Texas’s Higher Ed Overseer Dismisses Dozens of Complaints
Texas Republican lawmakers created the ombudsman position last year as part of a sweeping state law.
Texas’s new higher ed ombudsman, a position Republicans created to investigate public colleges and universities, has been accepting complaints for roughly five months now.
But his office says that, out of the 69 complaints it received through June 11, it has only opened one probe. It closed 67 other complaints without investigations, while the most recent complaint remains open “pending response from complainant with additional information.”
The ombudsman is tasked with ensuring institutions follow certain parts of a sweeping state law passed last year, Senate Bill 37, including requirements that they regularly review their general education curriculum and that their presidents—not faculty—pick Faculty Senate leaders. The role is also tasked with ensuring universities heed the Legislature’s ban in 2023’s Senate Bill 17 on affirmative action and diversity, equity and inclusion activities.
The ombudsman receives and investigates complaints from students and employees who report violations and can recommend that state lawmakers cut off a university’s ability to spend state funds until it complies. The ombudsman has state subpoena power and will report annually to the governor and lawmakers on complaints, investigations and results.
This past October, Gov. Greg Abbott appointed Brandon Simmons, then a Texas Southern University regent, as ombudsman. Local reporters—watching this new watchman—filed open-records requests regarding the complaints his office has received so far. The records provided show Simmons has dismissed scores of complaints, many of which his office deemed illegitimate.
Information on how this new office operates could inform universities and policymakers in other states. Last week, after Iowa Republican lawmakers unsuccessfully pushed to create an ombudsman position, Iowa Board of Regents members voted unanimously to designate their chief operating officer as their “ombuds coordinator.” While the brief policy is a far cry from the Texas legislation, it does say, “In some situations, the Ombuds Coordinator may need to share information with appropriate administrators when there is a reasonable belief that doing so is in the best interests of the Regents.”
Details about how the Texas ombudsman works may also aid the faculty and academic freedom groups that previously expressed concern about a lack of details regarding how the investigations would be conducted and where they would lead.
The Texas Tribune reported that it “requested the complaint data Feb. 23, but the ombudsman’s office asked the Texas attorney general to let it withhold the records.” The attorney general’s office ruled May 15 that the info must be released, the Tribune reported, and the outlet finally received the records last week.

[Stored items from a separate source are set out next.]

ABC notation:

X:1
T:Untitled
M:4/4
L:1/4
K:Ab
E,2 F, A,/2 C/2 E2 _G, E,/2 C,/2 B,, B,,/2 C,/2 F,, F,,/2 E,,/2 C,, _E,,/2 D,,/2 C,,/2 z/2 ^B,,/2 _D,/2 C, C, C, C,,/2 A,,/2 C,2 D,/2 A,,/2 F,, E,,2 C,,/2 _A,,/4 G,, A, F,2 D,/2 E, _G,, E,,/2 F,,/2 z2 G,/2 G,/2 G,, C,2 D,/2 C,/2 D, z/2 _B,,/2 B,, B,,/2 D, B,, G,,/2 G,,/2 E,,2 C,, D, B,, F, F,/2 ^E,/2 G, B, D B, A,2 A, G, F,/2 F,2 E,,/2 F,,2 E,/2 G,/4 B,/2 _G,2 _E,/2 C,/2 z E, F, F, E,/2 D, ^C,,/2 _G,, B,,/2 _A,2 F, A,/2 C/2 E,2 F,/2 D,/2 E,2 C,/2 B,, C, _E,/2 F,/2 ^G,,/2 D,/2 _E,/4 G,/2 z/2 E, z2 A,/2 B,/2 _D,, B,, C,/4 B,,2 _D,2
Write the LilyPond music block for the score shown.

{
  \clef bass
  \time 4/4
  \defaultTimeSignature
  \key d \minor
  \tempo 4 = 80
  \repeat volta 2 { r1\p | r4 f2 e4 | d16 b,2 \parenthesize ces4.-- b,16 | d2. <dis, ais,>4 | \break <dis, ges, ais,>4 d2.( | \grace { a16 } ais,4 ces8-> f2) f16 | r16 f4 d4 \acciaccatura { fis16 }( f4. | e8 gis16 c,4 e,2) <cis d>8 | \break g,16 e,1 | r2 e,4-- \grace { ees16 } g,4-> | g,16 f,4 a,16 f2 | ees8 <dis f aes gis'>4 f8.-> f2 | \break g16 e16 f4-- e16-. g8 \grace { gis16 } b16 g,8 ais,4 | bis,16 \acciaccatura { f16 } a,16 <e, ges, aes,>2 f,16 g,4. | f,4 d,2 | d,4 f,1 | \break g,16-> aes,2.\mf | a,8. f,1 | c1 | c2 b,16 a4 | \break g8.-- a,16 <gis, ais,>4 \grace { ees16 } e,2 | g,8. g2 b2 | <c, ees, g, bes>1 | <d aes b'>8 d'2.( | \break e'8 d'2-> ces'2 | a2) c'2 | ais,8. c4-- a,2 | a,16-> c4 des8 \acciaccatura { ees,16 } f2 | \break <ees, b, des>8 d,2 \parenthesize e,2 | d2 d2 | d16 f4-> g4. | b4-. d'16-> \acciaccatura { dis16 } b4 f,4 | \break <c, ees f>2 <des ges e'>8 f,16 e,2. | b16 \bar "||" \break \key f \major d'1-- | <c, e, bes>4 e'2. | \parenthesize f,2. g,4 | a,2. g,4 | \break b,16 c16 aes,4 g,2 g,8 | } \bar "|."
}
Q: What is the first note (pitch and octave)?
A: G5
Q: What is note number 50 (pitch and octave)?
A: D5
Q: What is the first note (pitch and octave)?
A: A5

Simmons didn’t provide Inside Higher Ed with an interview Monday or answer some written questions, but his office did provide the same complaint data and a broad statement from Simmons.
“Texas higher education leaders are all hard at work implementing SB17 and SB37, enhancing public trust in higher education by eliminating divisive practices and unconstitutional discrimination and ensuring accountability for important personnel and curriculum decisions,” the statement said. “The Office of the Ombudsman is their partner and supports them in this important endeavor.”
The Tribune also said Simmons didn’t respond to its questions, beyond sending a statement. A spokesperson for the Texas Higher Education Coordinating Board, where his office is located, told Inside Higher Ed in an email that the office’s employees “operate independently and handle both the complaints and any questions around those.”
The document the ombudsman’s office provided doesn’t name the complainants—they were all labeled students or employees, save for one dubbed “other”—or the institutions they complained about.
The only open investigation, according to the document, is in response to a complaint filed by a student on March 31, alleging a violation of the ban on DEI and affirmative action.
“The [institution of higher education’s] academic assistance program, which is supposed to provide tutoring and academic support, is censoring conservative political speech while encouraging liberal political speech and antisemitic speech,” the document says about the complaint. “Complainant was terminated from his position as Student Instructor after bringing up these concerns to the program supervisors. Complainant alleges the program is being operated as a DEI program in violation of [state law].”
Many of the complaint summaries aren’t even this detailed. Roughly 30 describe the complaint as “harassing” and/or “profane” comments, and/or “obviously fake email/name.” (The many allegedly illegitimate complaints early in the ombudsman’s existence are reminiscent of what happened after Indiana Republicans passed a law in 2024 threatening the employment of faculty who don’t foster “intellectual diversity.” Indiana University reported that, out of 46 complaints it received that year, 37 were “frivolous complaints that were anonymously submitted as a form of protest.”)
The ombudsman wasn’t specifically tasked by lawmakers with reviewing complaints about course content. Next to multiple closed complaints, the document says, “course content is generally an exception to” the state DEI ban. Multiple complaints seemed to be related to universities’ ongoing censorship of topics associated with the left in the red state.
Two dismissed complaints were summarized as being “that SB 37 and Chancellor’s standards undercut academic freedom and free speech.” Another closed complaint alleged an institution “is pressuring faculty into dropping certain courses and classwork that advance gender ideology.” Another alleged a “course was ordered to be removed by the IHE [institution of higher ed], which violates the IHE’s commitments to academic freedom and intellectual inquiry.”
Teresa Klein, president of the Texas state arm of the American Association of University Professors–American Federation of Teachers union, said the ombudsman position is “certainly in the back of everyone’s minds as they’re teaching.”
“This is hanging over a lot of folks that someone could report them,” she said.